> [THE TASK] Please write out every record exactly, but keep any images out of it.

[Crawled caption data]
────

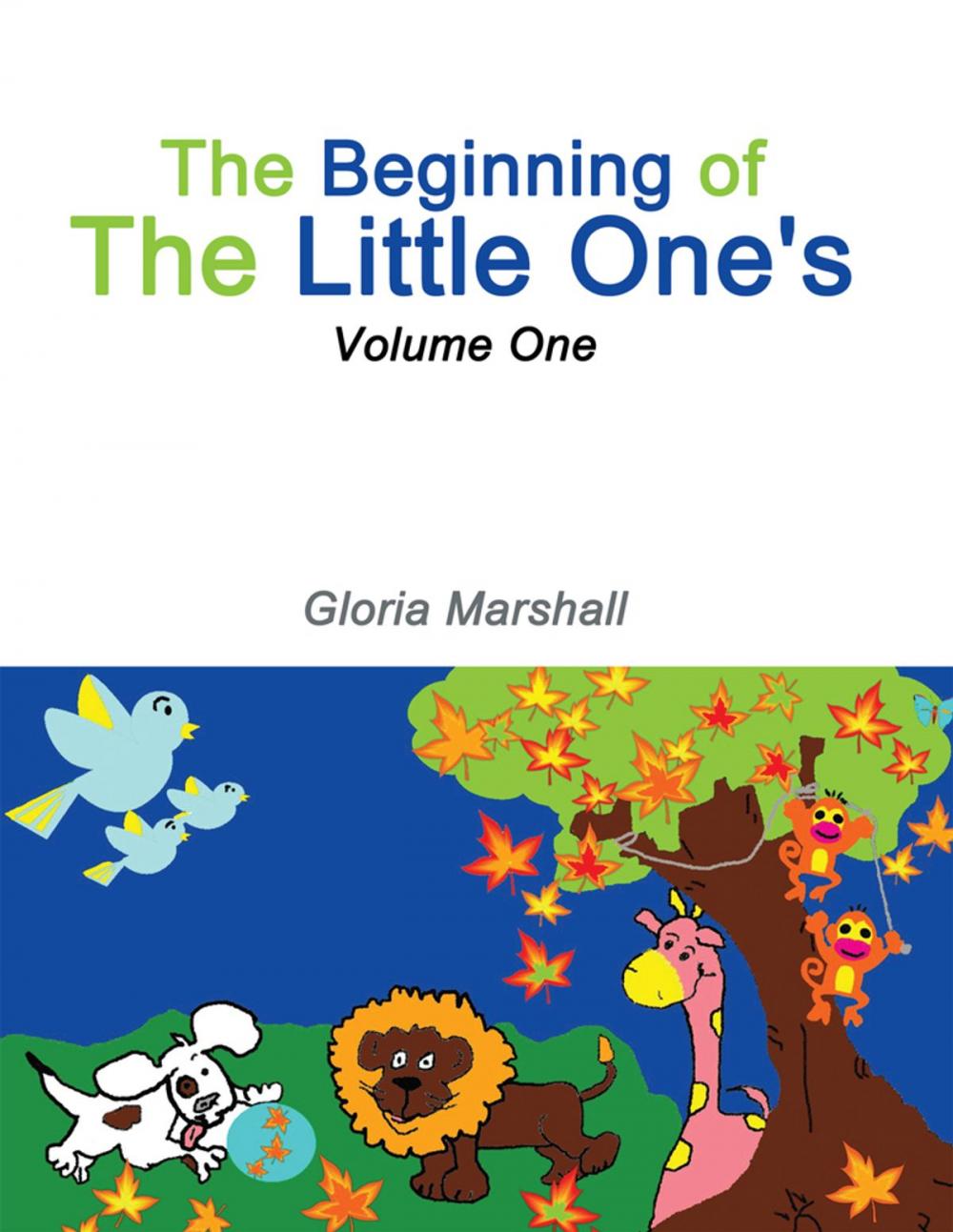 Big bigCover of The Beginning of the Little One's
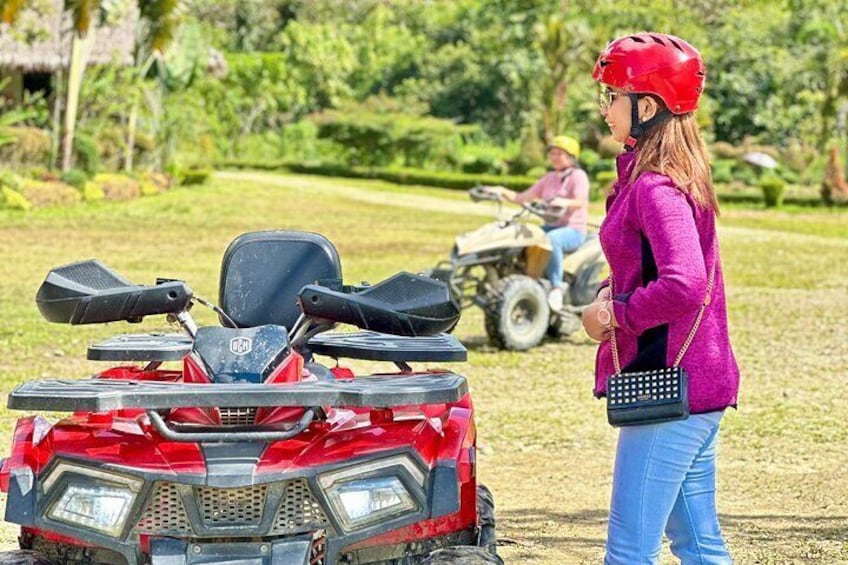 The Farm at Guinciaman San Miguel Leyte with ATV Experience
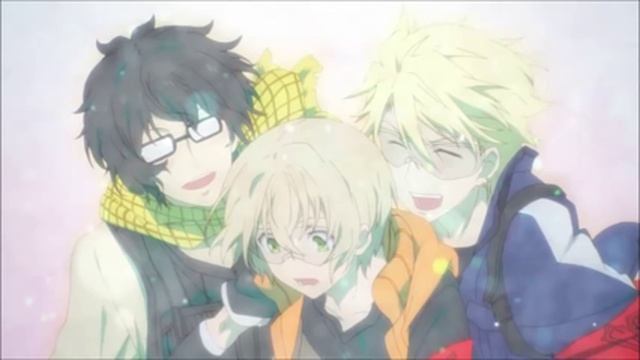 The Bravest Destiny - Team Toy GunGun (AoharuxKikanjuu Opening) смотреть онлайн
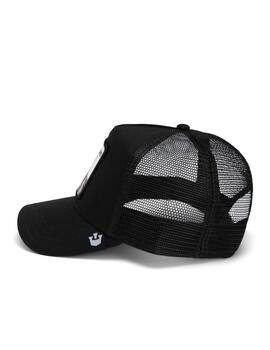 Gorra Goorin Bros The Guard Dog Negro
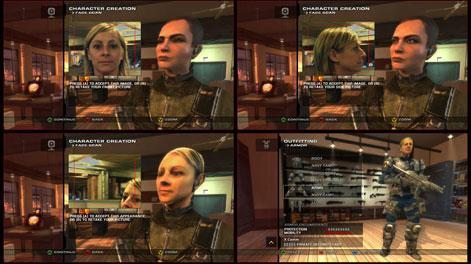 Actual product image Ubisoft Tom Clancy's Rainbow Six: Vegas (Xbox 360, EN)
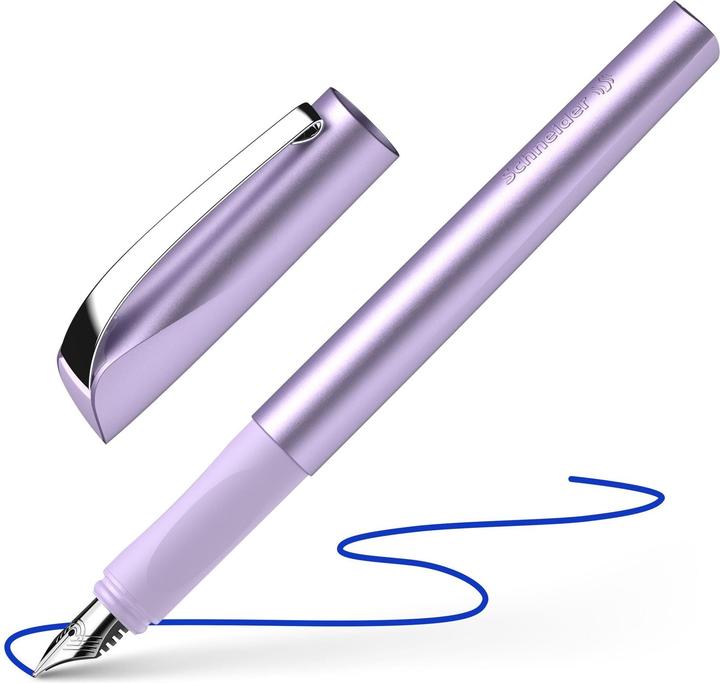 Produktbild Schneider Füller Patrone M Ceod Shiny lilac (Lila, 1 x)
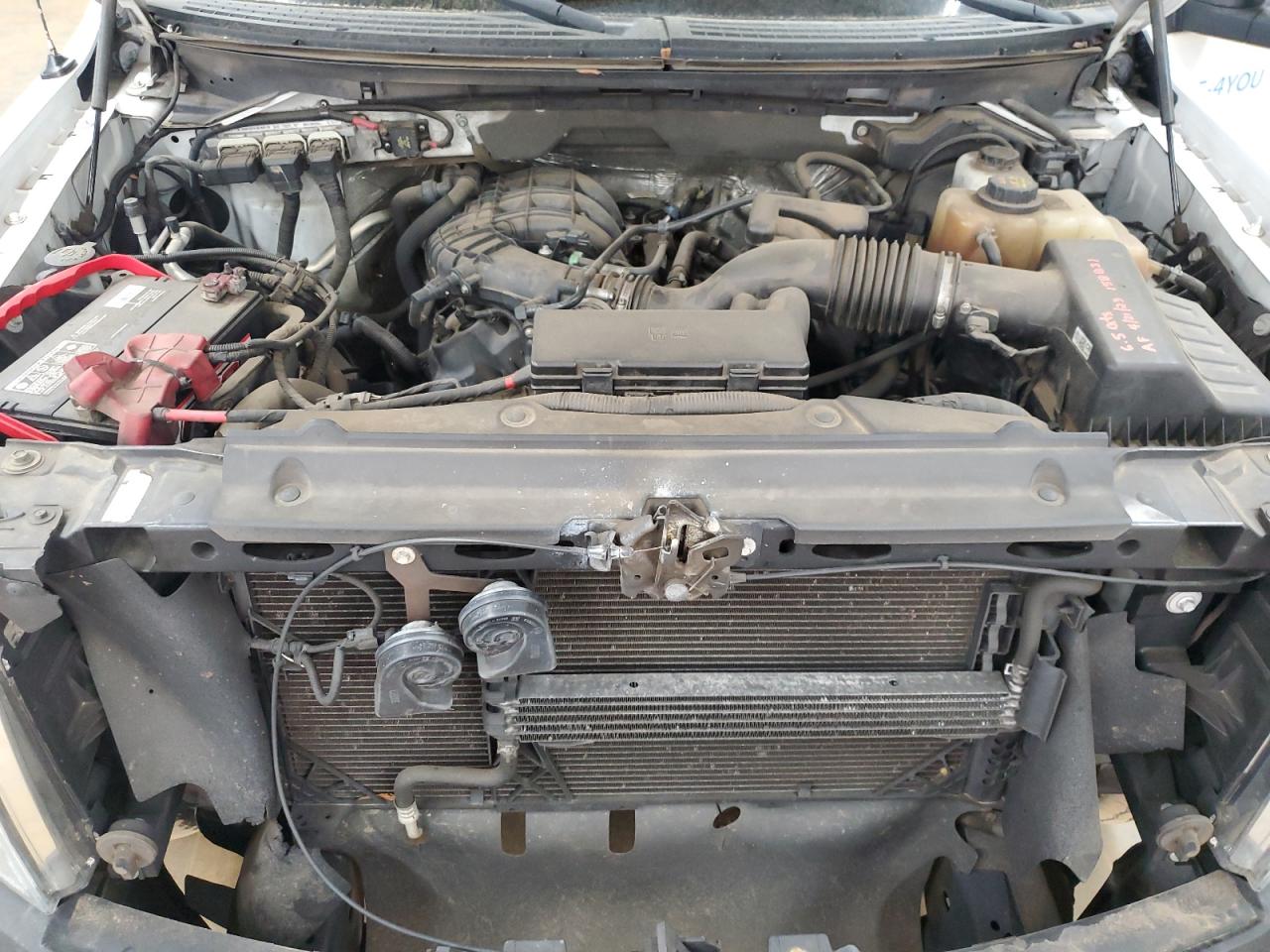 2013 Ford F150 VIN: 1FTMF1EM2DKE13050 Lot: 51230245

────

> [RESULT FOR THIS TASK]
 Big bigCover of The Beginning of the Little One's
 The Farm at Guinciaman San Miguel Leyte with ATV Experience
 The Bravest Destiny - Team Toy GunGun (AoharuxKikanjuu Opening) смотреть онлайн
 Gorra Goorin Bros The Guard Dog Negro
 Actual product image Ubisoft Tom Clancy's Rainbow Six: Vegas (Xbox 360, EN)
 Produktbild Schneider Füller Patrone M Ceod Shiny lilac (Lila, 1 x)
 2013 Ford F150 VIN: 1FTMF1EM2DKE13050 Lot: 51230245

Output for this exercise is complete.